Coulthard begon vanaf de elfde positie, en verloor dus alleen maar. De reden? ,,De auto onderstuurde enorm”, legt hij uit. ,,Veel meer dan in de kwalificatie en de trainingen. En dat verraste me. Ik denk dat er aan de onderkant iets beschadigd is toen ik in Stowe te ver over de kerbstones ging in het gevecht met Jacques Villeneuve.” Hij vervolgt: ,,Om het onderstuur te reduceren hebben we aan de voorkant twee procent meer vleugel gezet. En dat is veel.
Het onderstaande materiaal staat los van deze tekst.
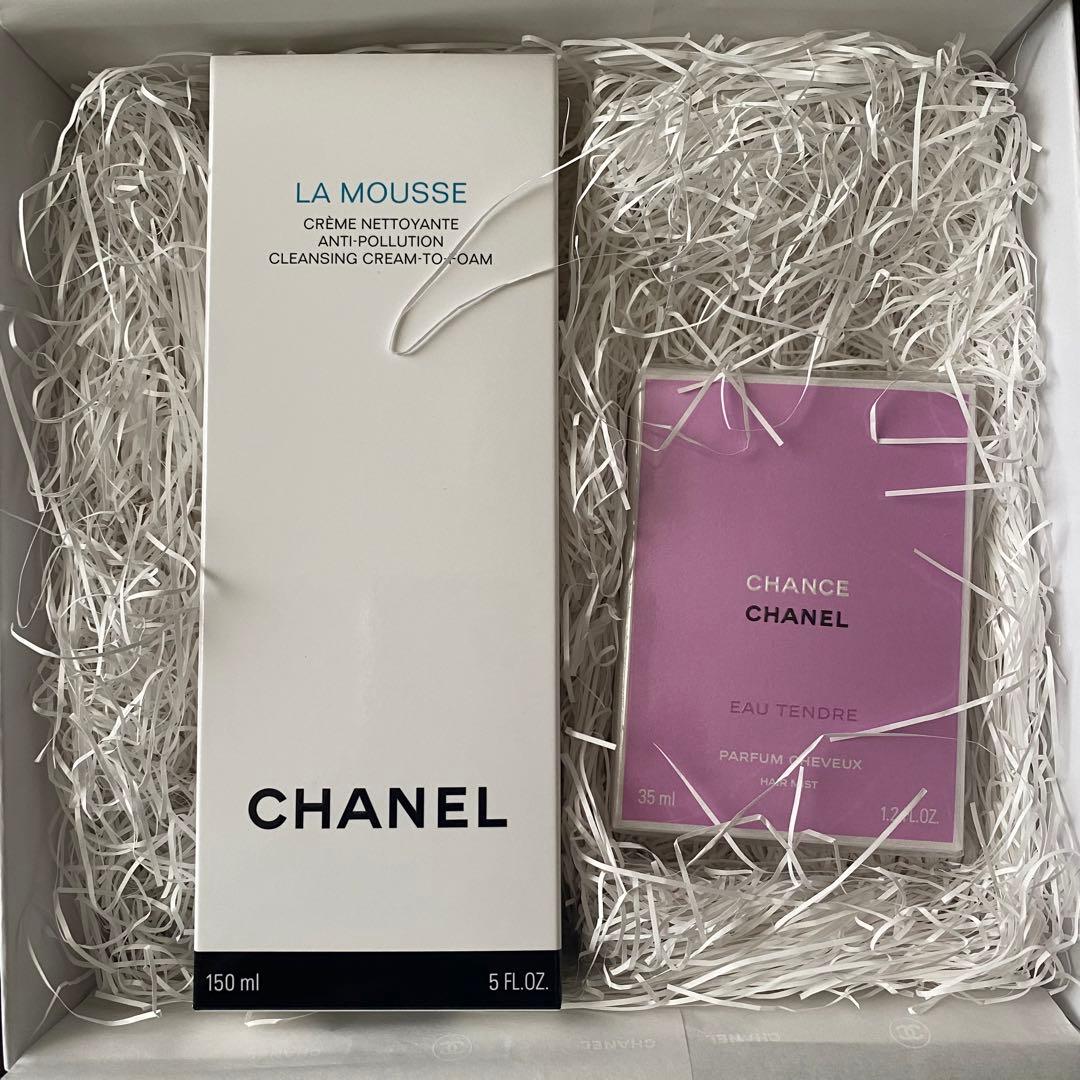 CHANEL LA MOUSSE & CHANCE EAU TENDRE セット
Maar het werd daardoor wel wat beter.”

Toch had er ook zonder die enorme hoeveelheid onderstuur niet veel meer ingezeten, meent Coulthard. ,,Qua betrouwbaarheid gaat het goed, maar op aërodynamisch vlak, een heel belangrijk aspect op deze baan, staan we niet waar we moeten staan. Daar moeten we aan werken. En dat doet het team ook. Daarom zie ik ook uit naar de test van komende week.”

Teamgenoot Christian Klien verging het al niet veel beter. Ook hij had problemen. En bleef ver uit de buurt van de punten. ,,Het was een ramp”, vindt hij dan ook. ,,Ik moest de race aanvangen met gebruikte banden, waardoor ik twee plaatsen verloor bij de start. Het was lastig om ze op temperatuur te krijgen. En ik had last van heel veel onderstuur. Dat leverde problemen op in de snelle bochten, wat weer als gevolg had dat ik tijd verloor in de eerste sector.”

,,De tweede stint ging het beter, met meer voorvleugel. De snelheid was op dat moment zelfs erg goed. Ik maakte tijd goed op David, maar helaas niet genoeg om Tonio (Liuzzi, die dertiende werd, red.) te passeren. In de laatste stint raakten mijn banden zwaar beschadigd, waardoor de rondetijden die de auto in de laatste tien ronden kon rijden veel hoger lagen dan die van de topacht.”